Thursday, May 2, 2024

Compass Group: Split appeals decision on fingerprint scans creates large legal questions, needs new hearing

Federal Court
Chicago federal courthouse flamingo from rear

Jonathan Bilyk

A vending machine kiosk company that won a partial victory from a federal appeals panel in a court fight over class action lawsuits with big money on the line under an Illinois biometrics privacy law is asking appellate judges to take another look at their decision, saying the split decision creates big legal problems.

On May 19, attorneys for North Carolina-based Compass Group USA petitioned the U.S. Seventh Circuit Court of Appeals in Chicago, asking for the court’s full complement of judges to review a three-judge panel’s decision earlier this month.

Earlier in May, the appellate panel had ruled a class action against Compass Group could be heard in federal court – but on only half of the claims.


Molly McGinley | K&L Gates

Compass Group is a foodservice company that operates vending machine kiosks that utilize fingerprint scanners to process transactions. These kiosks are typically located in places like employee break rooms or lounges in office buildings and other workplaces.

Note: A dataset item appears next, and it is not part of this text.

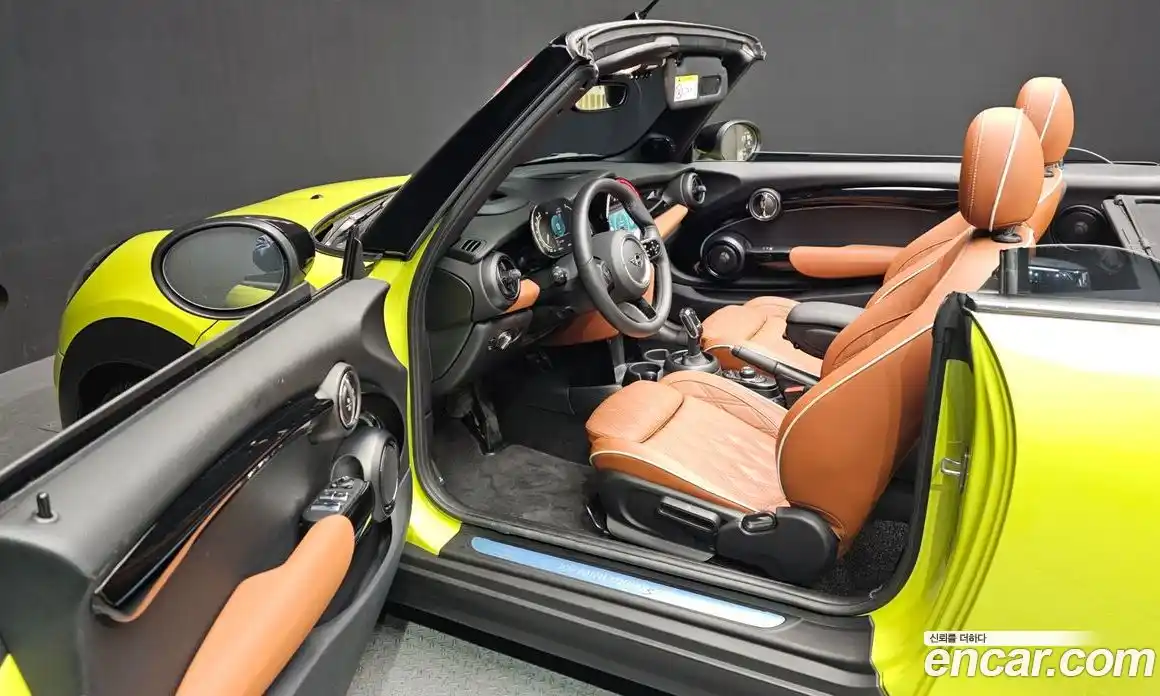 Mini Cooper Convertible 2024 2.0 Автомат в Москве № 214058, фото 5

Compass was sued in Cook County Circuit Court by lawyers from the firm of Werman Salas, of Chicago, on behalf of named plaintiff Christine Bryant. In the lawsuit, Bryant and her lawyers claimed Compass Group had violated the Illinois Biometrics Information Act by failing to abide by technical notice and consent provisions within the Illinois BIPA law. Specifically, the plaintiffs asserted Compass was required to provide vending machine customers with written notices concerning how the company would collect, store, share and ultimately destroy their fingerprint scans, and secure written consent from customers, before scanning their fingerprint.

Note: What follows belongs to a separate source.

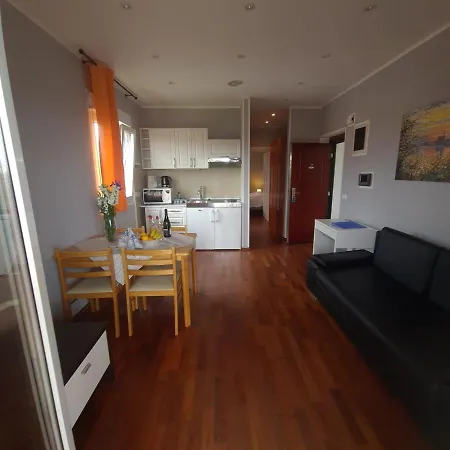 In With Balcony, Air Conditioning, Wifi, Washing Machine 5116-1 Apartamento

The lawsuit carried with it large financial stakes for Compass, as the BIPA law allows plaintiffs to collect damages of $1,000-$5,000 per violation. Individual violations could be counted as each time a customer scanned their fingerprint to purchase an item from a Compass vending machine.

This could place millions of dollars on the line.

The lawsuit was very similar to hundreds of other class actions filed under the BIPA law by a number of plaintiffs’ law firms against employers and other companies of all sizes and in various industries in Illinois in the past few years.

However, in the months that have followed its filing, the lawsuit has taken a less typical procedural course. Compass sought to remove the lawsuit to federal court, and escape Cook County’s courtrooms, renowned to favor plaintiffs in civil actions.

In federal court, however, the parties reversed their traditional roles. Ordinarily, defendants would seek to dismiss the lawsuit by arguing the plaintiff suffered no harm. Plaintiffs would argue the opposite.

In this case, however, the opposite occurred. Should the federal courts determine the plaintiffs suffered no harm, the case would return to Cook County court, where state law holds a different standard under BIPA.

Under an Illinois Supreme Court ruling from 2019, plaintiffs are free to bring big money class actions under BIPA, so long as they can show a defendant violated the law’s technical notice and consent provisions. They need not show any actual harm was committed.

A federal district judge initially sided with the defendants, finding Bryant suffered no harm, so the lawsuit should be sent back to Cook County.

Compass appealed, however, and the Seventh Circuit panel sided with them – but only in part.

The appeals court drew a distinction between two different notice provisions in the law. The appellate judges said plaintiffs can suffer real “concrete” injuries from violations of BIPA’s Section 15(b), which lays out notice and consent requirements owed to each individual.

But the judges said there was no actual harm under federal legal standards committed by companies alleged to have violated Section 15(a), which instructs companies to develop and publicly post a written policy concerning how the data will be collected, retained and destroyed.

So, the federal appeals panel said Section 15(b) claims can remain in federal court, because they pertain to legal obligations owed to individuals, while Section 15(a) claims cannot, because they pertain to obligations owed to the public.

In their latest petition, Compass said this creates major problems, including a split with another federal appeals court. In the Ninth Circuit Court of Appeals in California, judges there, in a lawsuit brought against Facebook under BIPA, held claims under both BIPA sections can belong in federal court under federal legal standards.

“… There is a plain split between the circuits, and a Section 15(a) claim brought in the Ninth Circuit may proceed in federal court while one brought in this circuit may not,” Compass wrote.

Compass said the Ninth Circuit got the law right.

“While the statute requires that a policy be publicly available, that requirement does not turn the protected right into a public interest,” Compass wrote in its petition.

“… As the Illinois Supreme Court and the Ninth Circuit have explained, the mandates of Section 15, in its entirety, are intended to protect individuals’ interests in their private information by requiring that those individuals be provided certain information and assurances regarding the protection of their data prior to consenting to their collection and use.

“…The informational injury at issue here is directly related to the privacy interests protect by BIPA, and the mere fact that, once created, a retention and destruction policy must be available to the public does not lessen the concrete injury each may suffer if such a policy is not created and adhered to.”

Attorneys for Compass asked the full Seventh Circuit to rehear the case on that specific question, and overrule the appeals panel.

Compass is represented by attorneys Molly K. McGinley and Joseph C. Wylie II, of K&L Gates LLP, of Chicago.